## Description of the task
With the images excluded, set down every line of the listing below exactly.

## Dataset extract
------------------------------------------------------------

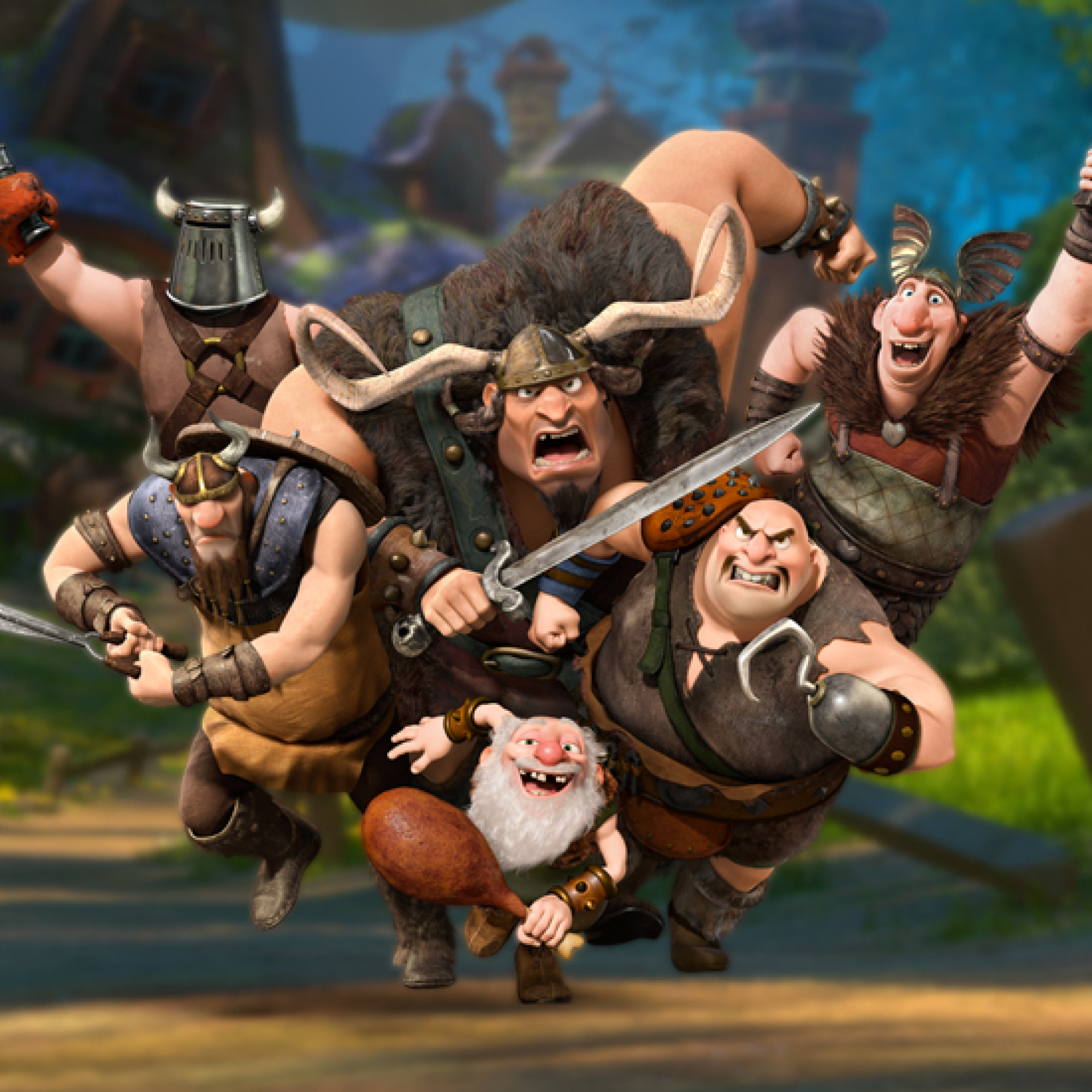 ディズニーキャラクタークイズ キャステル Castel ディズニー情報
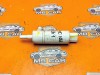 Насос омывателей MERCEDES-BENZ M-класс W164 рестайлинг (2008 - 2011) фото 1 &mdash; Разборка Мерседес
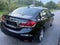 2013 Honda Civic Sdn LX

------------------------------------------------------------

## Result of this task
 ディズニーキャラクタークイズ キャステル Castel ディズニー情報
 Насос омывателей MERCEDES-BENZ M-класс W164 рестайлинг (2008 - 2011) фото 1 &mdash; Разборка Мерседес
 2013 Honda Civic Sdn LX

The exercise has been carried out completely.